PROBLEM DESCRIPTION
In the records below, repeat word for word only the lines starting at the one that contains "max万博体育官方网站江苏肯帝亚与赞助商续约，双方合作再添五年 - 副本" and ending at the one that contains "死を理解するようになったが_出力_006", pictures excluded.

DATA LISTING
[Start of section]

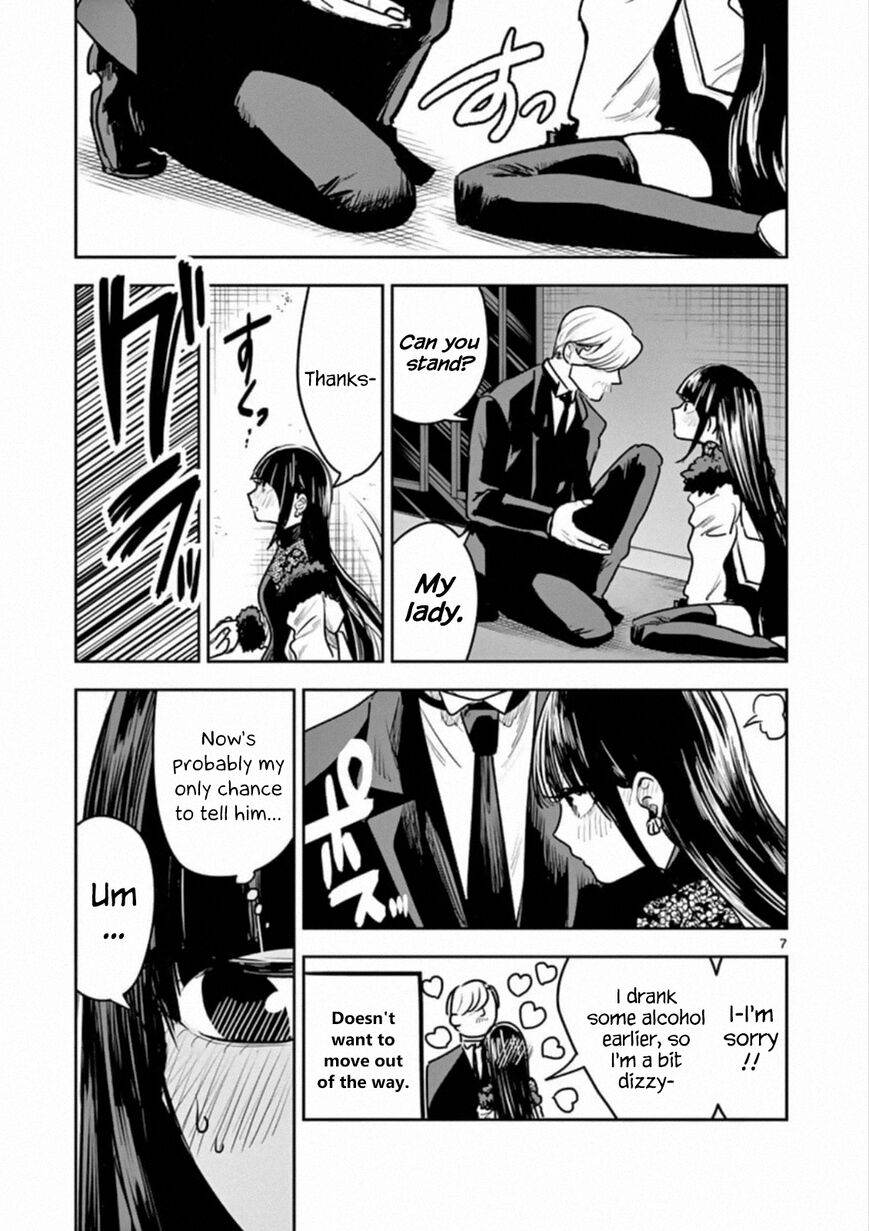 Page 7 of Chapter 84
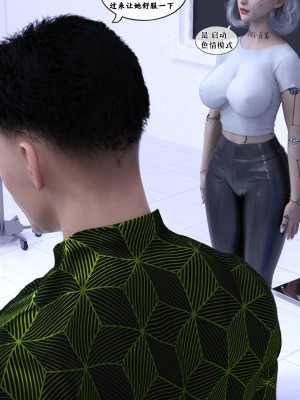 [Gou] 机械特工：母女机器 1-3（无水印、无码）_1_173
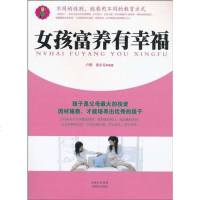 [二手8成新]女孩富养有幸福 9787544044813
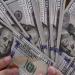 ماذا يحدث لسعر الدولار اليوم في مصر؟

[End of section]
[Start of section]

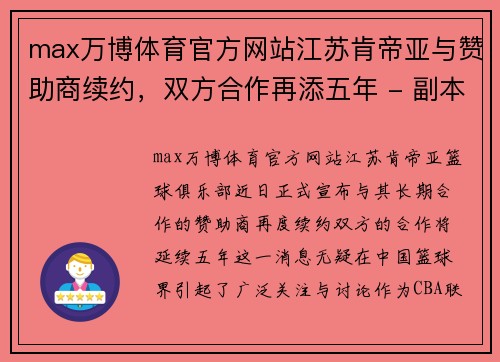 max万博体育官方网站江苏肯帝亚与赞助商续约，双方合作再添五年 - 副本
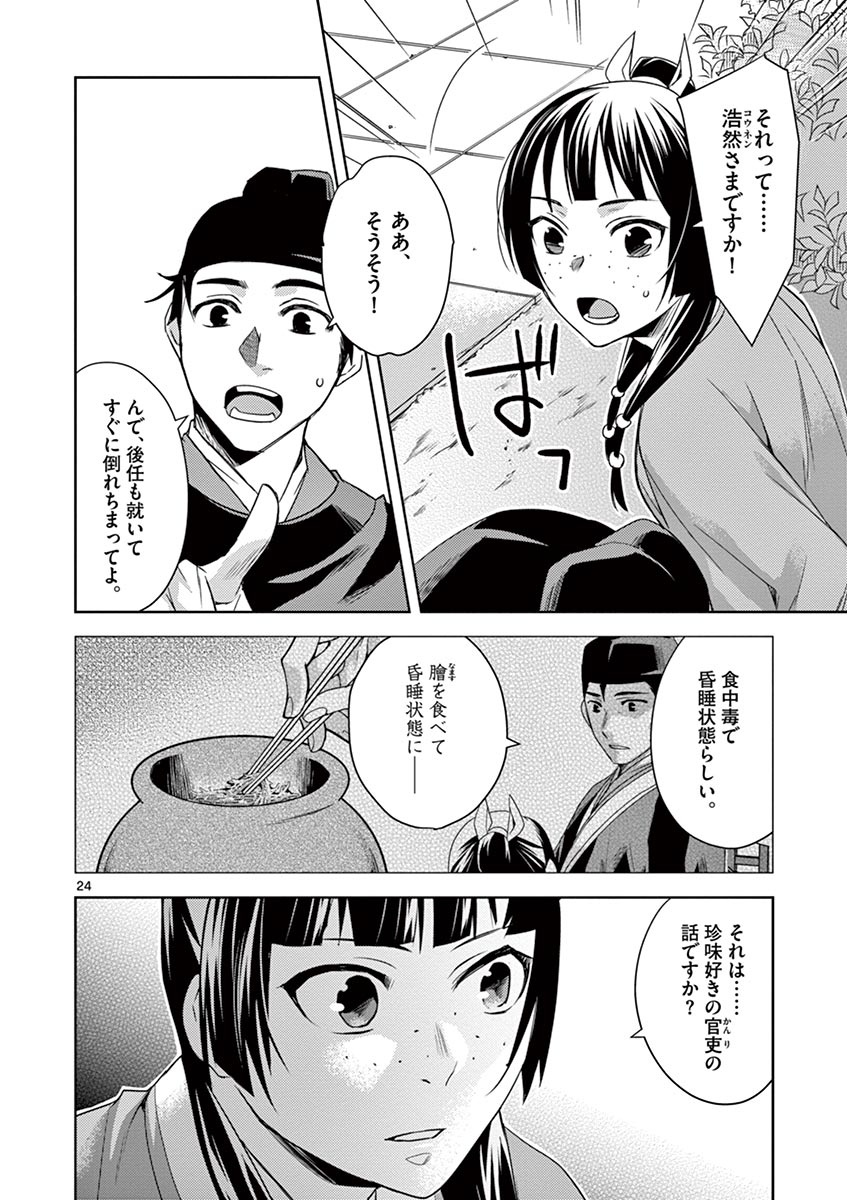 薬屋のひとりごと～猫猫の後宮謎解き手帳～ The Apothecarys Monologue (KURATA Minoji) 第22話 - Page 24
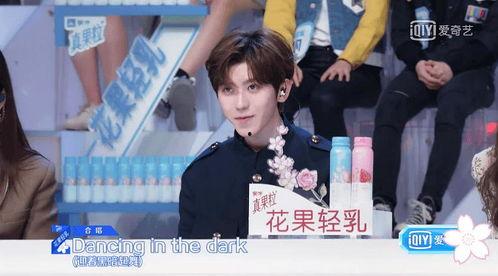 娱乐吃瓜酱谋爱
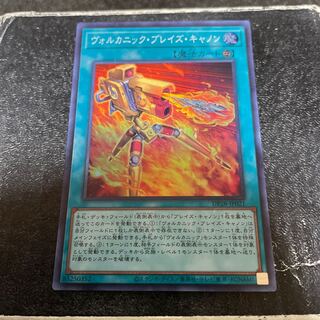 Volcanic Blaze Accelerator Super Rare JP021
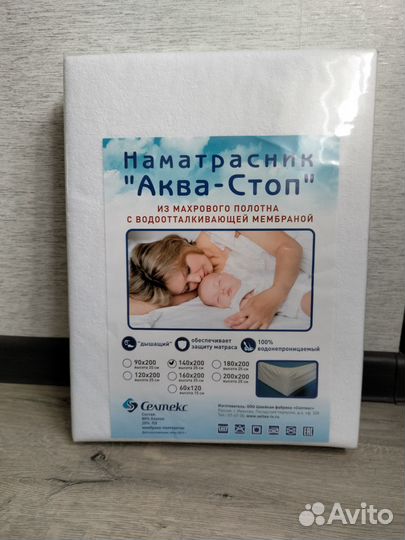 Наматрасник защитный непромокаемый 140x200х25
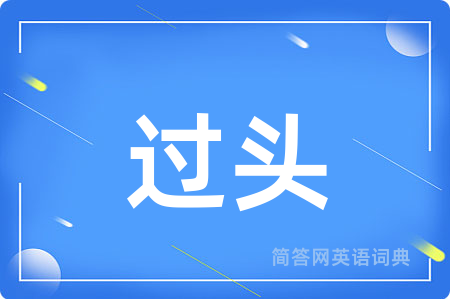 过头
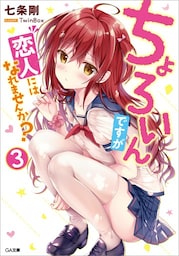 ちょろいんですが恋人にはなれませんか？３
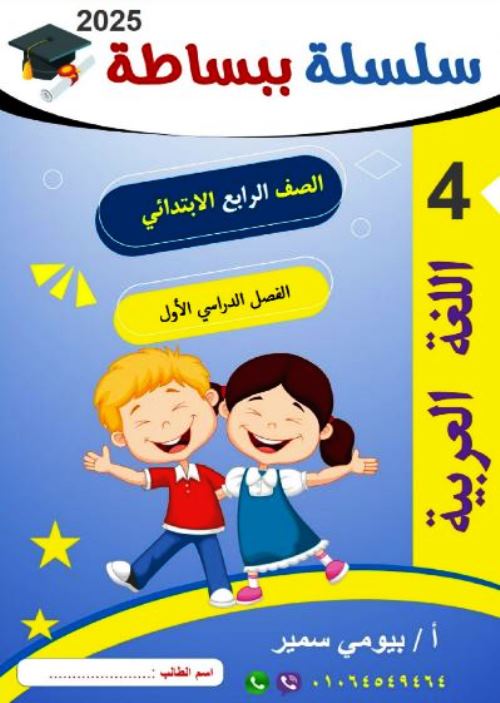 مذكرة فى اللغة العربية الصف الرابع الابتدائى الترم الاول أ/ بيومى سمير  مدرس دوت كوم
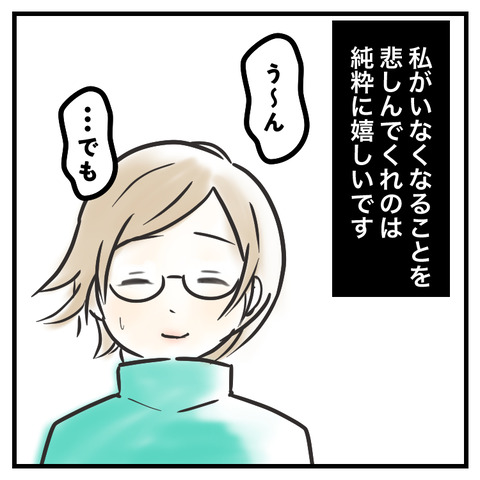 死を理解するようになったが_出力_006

[End of section]

ANSWER FOR THE TASK
 max万博体育官方网站江苏肯帝亚与赞助商续约，双方合作再添五年 - 副本
 薬屋のひとりごと～猫猫の後宮謎解き手帳～ The Apothecarys Monologue (KURATA Minoji) 第22話 - Page 24
 娱乐吃瓜酱谋爱
 Volcanic Blaze Accelerator Super Rare JP021
 Наматрасник защитный непромокаемый 140x200х25
 过头
 ちょろいんですが恋人にはなれませんか？３
 مذكرة فى اللغة العربية الصف الرابع الابتدائى الترم الاول أ/ بيومى سمير  مدرس دوت كوم
 死を理解するようになったが_出力_006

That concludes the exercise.